John Bell (c. 1799 - 24 June 1868) was a Scottish explorer.

== Biography ==
John Bell was born in Isle of Mull, Scotland and emigrated to Canada where he worked for the Hudson's Bay Company as a fur trader and colonizer. He was one of the colonizers of the Yukon River. Bell was appreciated by the company for his "professionalism, flexibility and dedication to the interests of the fur trade" as well as his abilities as a "manager of men".

In 1839, he was sent to colonize the land west of the Mackenzie River. With the assistance of Alexander Kennedy Isbister, he established Fort McPherson, Northwest Territories on the Peel River not far from the Mackenzie, and colonized the Peel into what is now the Yukon Territory.

In 1845, Bell crossed the mountains into the Yukon River watershed, and went down the Rat River to its confluence with the Porcupine River.
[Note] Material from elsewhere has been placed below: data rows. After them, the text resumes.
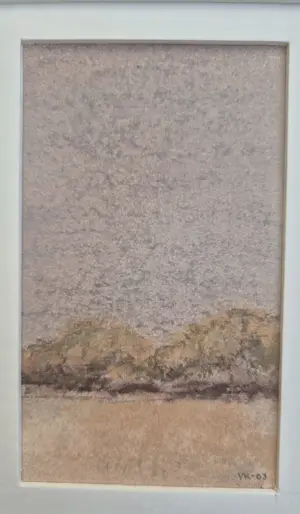 Harry van Kuyk - 4 tekeningen - vier maal Hoge Veluwe kopen? Bied vanaf 295!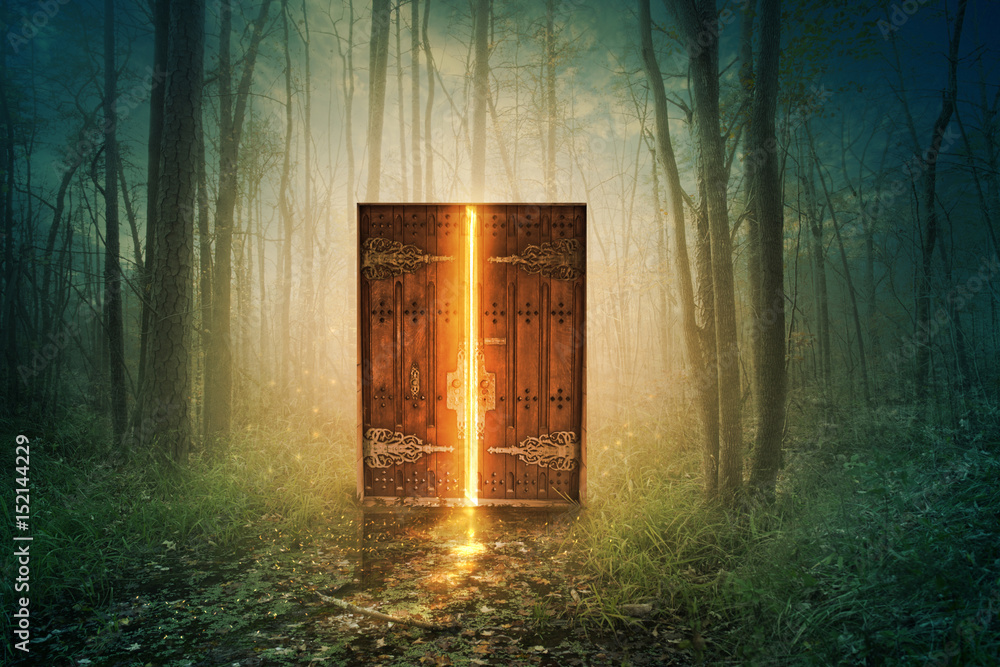 Fototapeta premium Świecące drzwi w lesie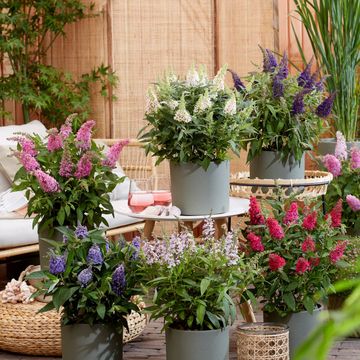 Buddleja davidii BUTTERFLY CANDY LITTLE MIX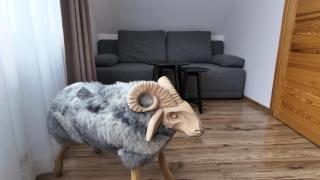 Willa Owca i Baran - 6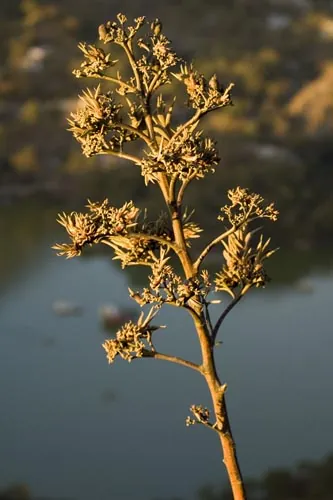 Sucho (Mt Abu)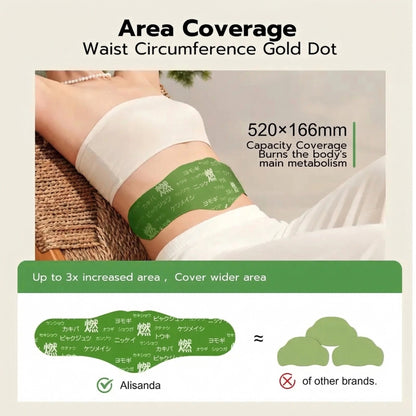 Japanese Herbal Balance Patch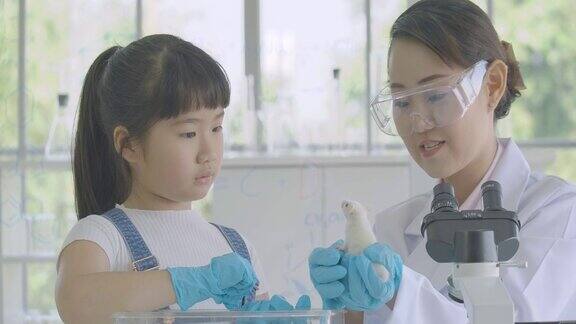 小亚洲学生女孩在科学实验实验课上学习实验老鼠科学和教育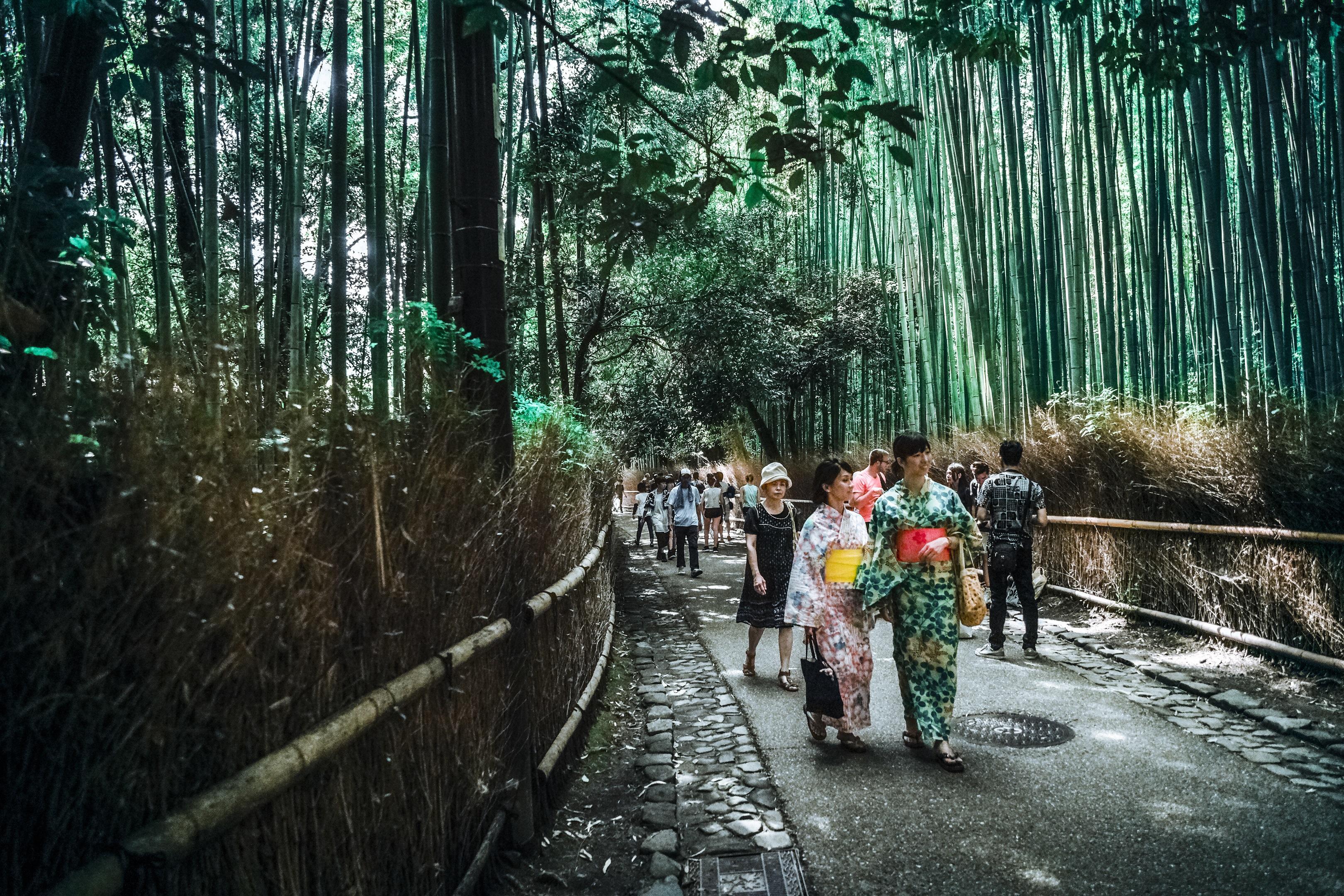 Which are the best language exchange programs in Japan?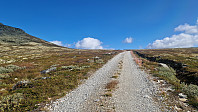 Rostro_20240825_66cb52a46c763.jpg
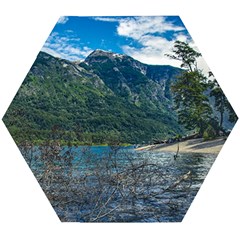 Beach At Los Alerces National Park, Chubut Province, Argentina Wooden Puzzle Hexagon by dflcprintsclothing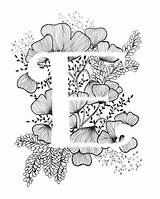 Letter Calligraphy Monogram Alphabet Ink Flowers Typography Print Etsy Drawing Lettering Letters Coloring Pages Illuminated Printable Flower Floral Hand Draw sketch template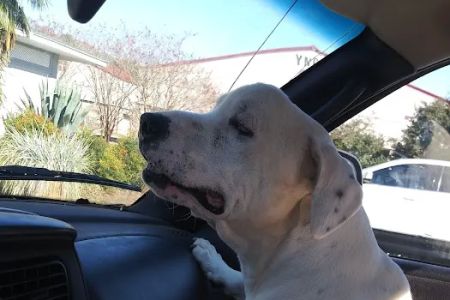 Healthpointe Veterinary Clinic: Johnson Lauren DVM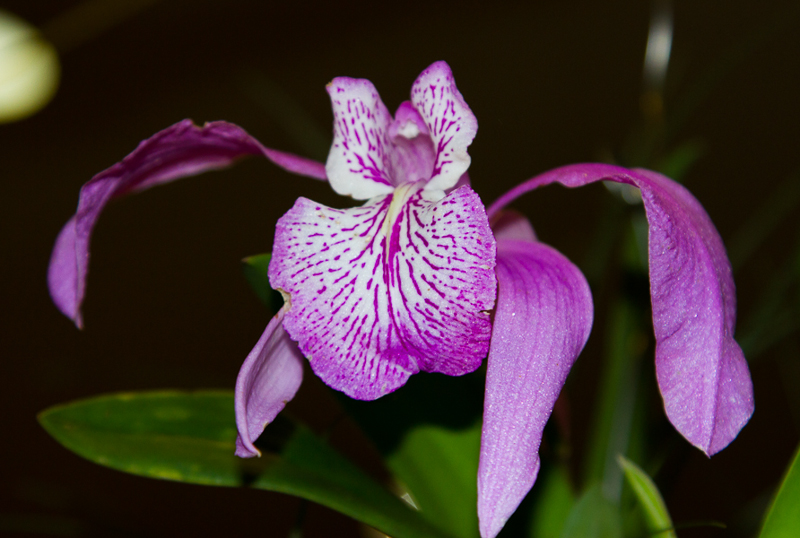 Laelia speciosa
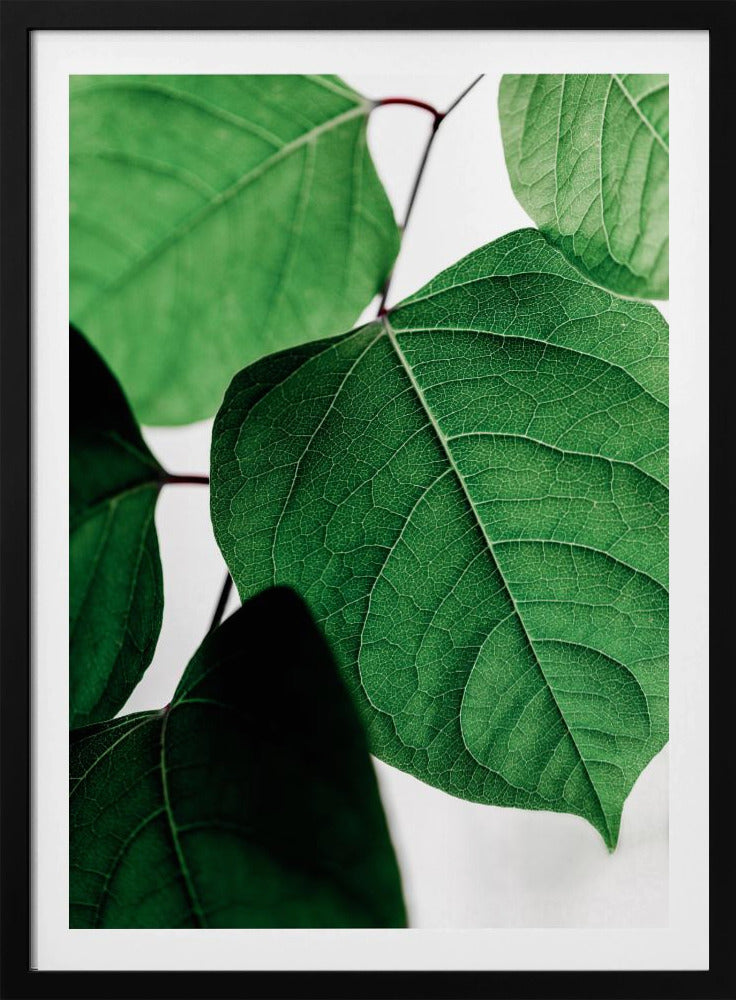 Sommerzweige 2 | Poster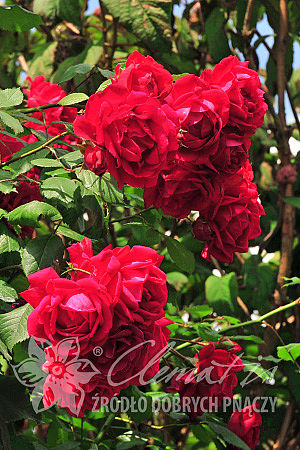 Rosa 'Paul's Scarlet Climber'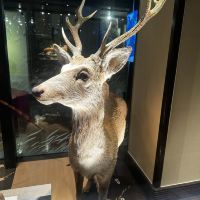 評論圖片 1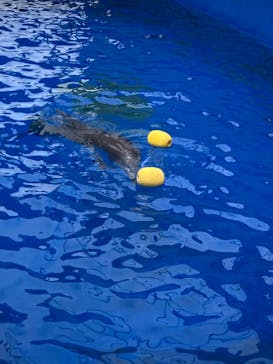 大分マリーンパレス水族館 「うみたまご」に投稿された画像（2024/4/26）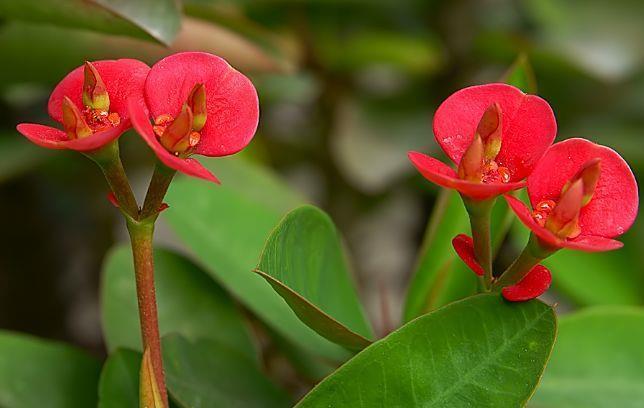 栀子花|秋冬养花选此4款,埋土里就能活,开花早花香浓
The Rat River has been renamed the Bell River in his honour. After managing the fur trade at Fort McPherson until 1845, he returned to the Bell River, and Followed the Porcupine to its juncture with the Yukon River, the eventual site of Fort Yukon. He set the stage for the Yukon trade which proved extremely lucrative for the Hudson's Bay Company and for Canada's claim over what is now the Yukon Territory.

He had some involvement in organizing John Rae's 1848-1849 expedition to search for Sir John Franklin, and continued working in the Mackenzie District for the Hudson's Bay Company until 1860. Although his exploits as an explorer are most often publicized, Bell preferred to work as a manager and organizer. He accepted the exploring jobs as required but did so "without the enthusiasm and sense of destiny that inspired other HBC explorers. He was, in fact, a fur trader rather than an explorer, both in talent and temperament."

Bell completed his career in Quebec, retiring from the company in 1860. He then moved to Saugeen, Ontario and farmed in the area until his death.